Diante da circulação de notícias no dia de hoje, 20 de março, que reportam que a Presidência da República teria solicitado de alguns ministérios parecer sobre eventual decretação de estado de sítio em razão da pandemia do coronavírus (COVID-19)1, tendo em vista a gravidade e a repercussão jurídica da matéria, a Ordem dos Advogados do Brasil, por meio da sua Presidência e da sua Procuradoria Constitucional, vem apresentar considerações preliminares acerca da constitucionalidade da medida.

O estado de sítio compõe, ao lado do estado de defesa e da intervenção federal, o nosso chamado “sistema constitucional de crises”. São instrumentos excepcionais previstos e regulados pela Constituição com o escopo de defender a ordem jurídica em momentos de anormalidade. Sob a égide do Estado de Direito, não se admite o uso de mecanismos de exceção com fundamento em “razões de Estado”, invocadas segundo o arbítrio de governantes autoritários, mas estritamente com o objetivo de manter ou de restabelecer a própria ordem constitucional, com o mínimo de sacrifício de direitos e de garantias constitucionais. Por isso há a previsão de limites e de controles rigorosos sobre as hipóteses de cabimento e sobre os poderes da crise.

A medida do estado de sítio, especificamente, está prevista em nosso sistema jurídico desde a Constituição de 1891. Durante os anos da Primeira República, houve um uso frequente e abusivo do estado de sítio pelos sucessivos Presidentes, que empregavam a medida como verdadeiro instrumento de governo.2 Assim, o chamado “constitucionalismo de sítio” autorizava a suspensão de garantias constitucionais para reprimir contestações sociais à ordem vigente, como greves de trabalhadores.3

Em nossa ordem constitucional de 1988, uma série de cautelas e de limites jurídicos e institucionais visam a adequar um eventual recurso ao estado de sítio à regra democrática. Como todos os instrumentos excepcionais, o estado de sítio é regido pelos princípios da excepcionalidade, da necessidade, da temporariedade e da obediência estrita à Constituição Federal, além de se submeter a controles políticos e judiciais.

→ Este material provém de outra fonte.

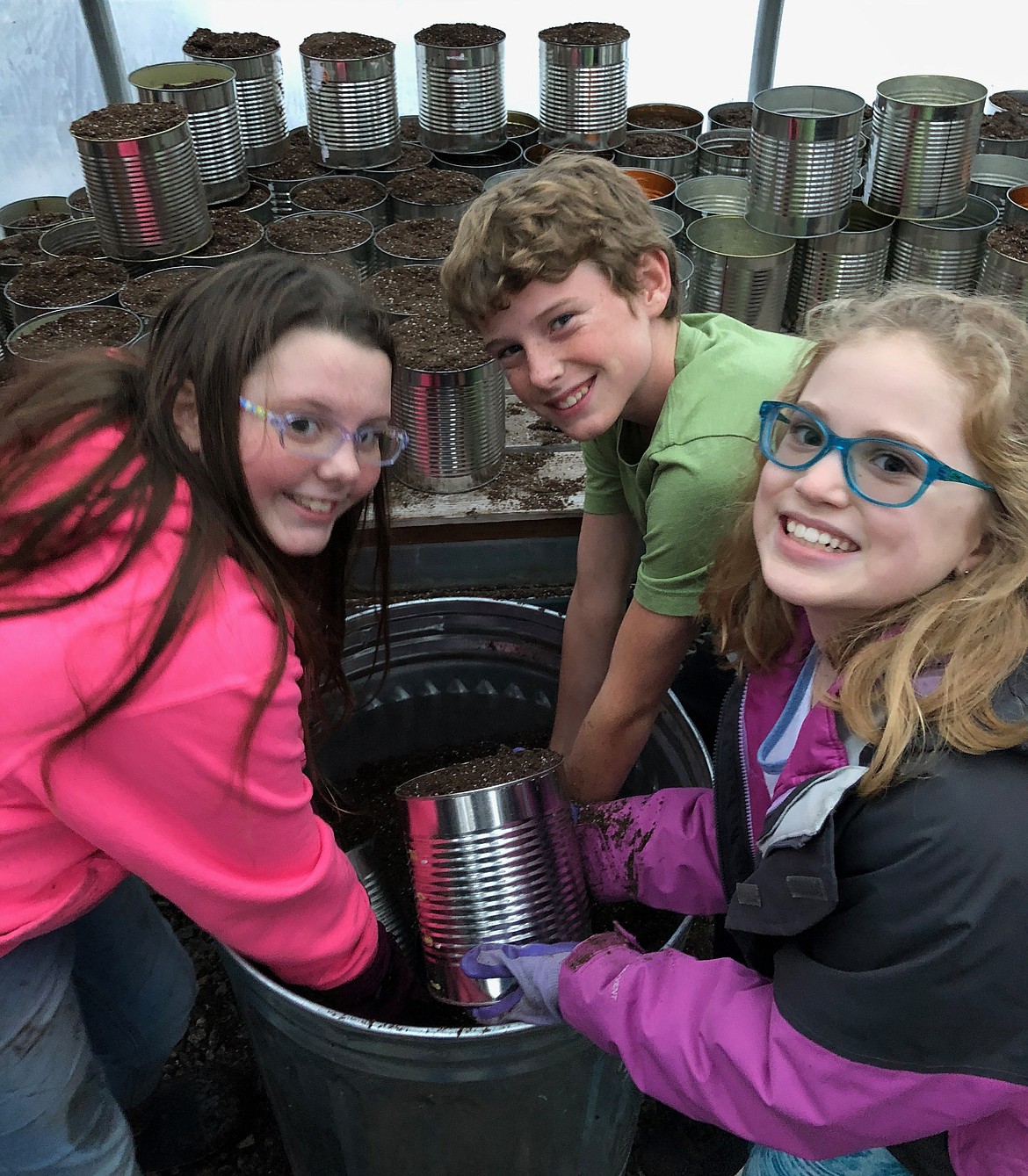 Shayla Littlefield, left, Ian Taylor and Karsten Towery dig into cans of tulips to prepare them for an early bloom to be given away to the residents of an assisted care facility for Valentine&#146;s Day. (Courtesy photo)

A excepcionalidade, que não pode se confundir com arbitrariedade, restringe o estado de sítio a situações absolutamente atípicas e anormais. O princípio da necessidade estabelece que o recurso à medida somente se justifica na ausência de meio menos gravosos, apresentando-se como ultima ratio na defesa do Estado Democrático de Direito. Por sua vez, a temporariedade impõe a fixação de um prazo determinado de vigência do estado de sítio, e a obediência estrita à Constituição requer o cumprimento diligente e rigoroso de todos os termos, procedimentos e condições previstas.4

Pelo art. 137 da CF/1988, as hipóteses de cabimento do estado de sítio são duas: “I – comoção grave de repercussão nacional ou ocorrência de fatos que comprovem a ineficácia de medida tomada durante o estado de defesa; II – declaração de estado de guerra ou resposta a agressão armada estrangeira”. Para decretar a medida, o Presidente da República deve ouvir previamente o Conselho da República e o Conselho de Defesa Nacional, bem como solicitar autorização ao Congresso Nacional, que decide sobre o pedido por maioria absoluta.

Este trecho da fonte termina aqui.